Questo è il primo obiettivo dell’Atalanta in scena stasera a Valencia per il ritorno degli ottavi di Champions League; il secondo è conquistare i quarti di finale, un obiettivo alla portata dei nerazzurri considerato il 4-1 dell’andata. Ma non ditelo a Gasperini. «Dovremo essere bravi a considerare il match nei 90 minuti ed essere pronti a ogni evenienza — le parole del tecnico dei nerazzurri —. Non ci sarà il pubblico, che avrebbe dato una spinta maggiore ai nostri avversari. Noi dovremo rimanere concentrati sul campo e sul Valencia, che ha pregi, ma anche punti deboli». L’Atalanta arriva al Mestalla con dieci giorni di riposo. «Avrei preferito giocare e sfruttare l’entusiasmo che si è creato dopo la gara di andata — continua l’allenatore —, ma è andata così».
Gasp, poi, parla dell’emergenza coronavirus. «Siamo molto preoccupati per ciò che sta accadendo in Italia e a Bergamo. E questo influisce sullo spogliatoio, perché tutti noi siamo fortemente coinvolti da quello che ci circonda. Speriamo che la qualificazione possa regalare una soddisfazione ai nostri tifosi e possa alleviare il peso della situazione». Che, in Spagna, sembra lontano anni luce: «Qui non c’è la percezione di pericolo che abbiano noi». Quindi, il ritorno alla partita: «l lavoro non è ancora finito. I miei ragazzi sono stati fantastici tre settimane fa, ma non festeggerò nulla sino alla fine della partita». Piedi di piombo, dunque. Comprensibilmente, vista la portata dell’obiettivo che definire storico è quantomeno riduttivo, se ripercorriamo il cammino che ha portato l’Atalanta fino in Spagna, con la qualificazione agli ottavi presa per i capelli all’ultima giornata con il successo in Ucraina contro lo Shakhtar. A maggior ragione se consideriamo dove si trovava il club guidato da Percassi prima dell’avvento del Gasp nel 2016: a lottare per non retrocedere in serie B. L’esatto opposto del Valencia che è abituato a vivere la Champions, tanto da arrivare alla finale due volte all’inizio degli anni Duemila.

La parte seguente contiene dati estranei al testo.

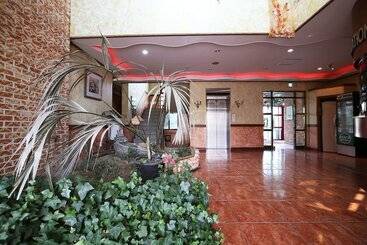 مُتل Asan Red House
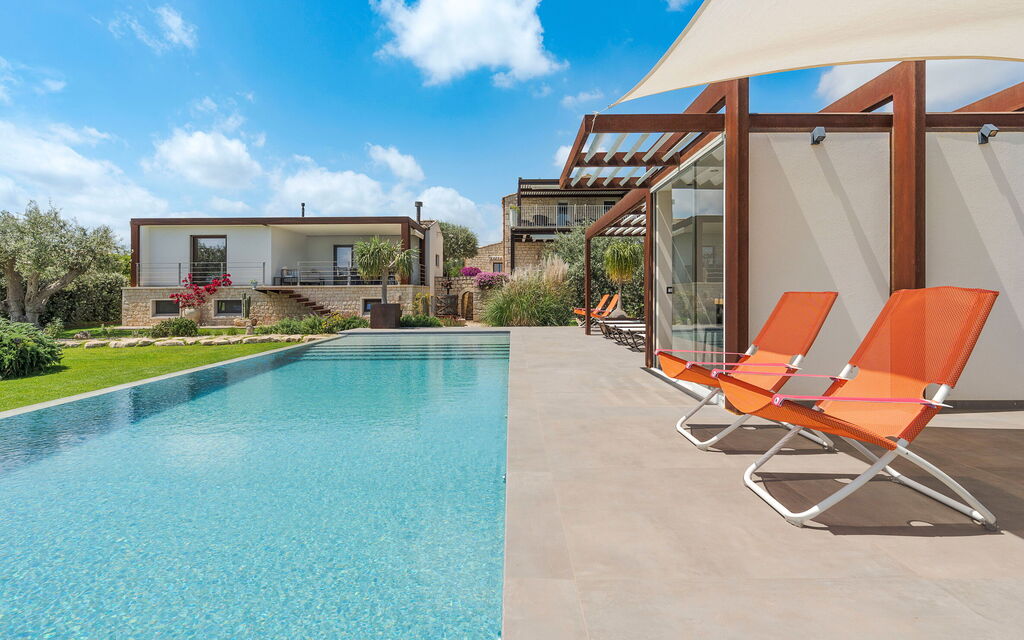 Sicilia 047 - Corte Antigua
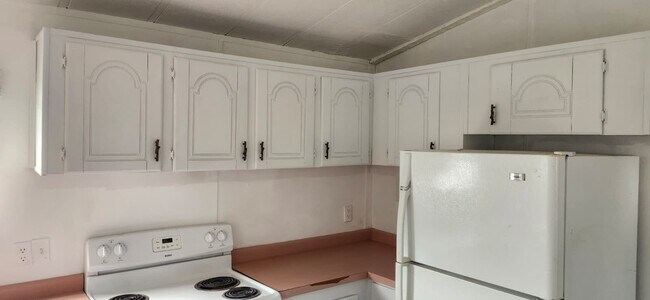 Building Photo - 8364 Cedar St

Ma il Valencia odierno è lontano parente di quello di Cuper. Sia per qualità sia per disponibilità degli effettivi a causa dell’infermeria stracolma (difesa a pezzi, ma sono rientrati Florenzi, che finisce in panchina, e Rodrigo). Altro fattore che gioca in favore dei nerazzurri, i quali devono rinunciare al solo Toloi, fermato da noie muscolari. La squadra di Gasperini si presenta così con la formazione tipo, guidata da capitan Gomez. Il Papu, all’aeroporto di Valencia, dopo aver gentilmente declinato le domande dei cronisti spagnoli, all’insistenza della stampa ha risposto in modo stizzito.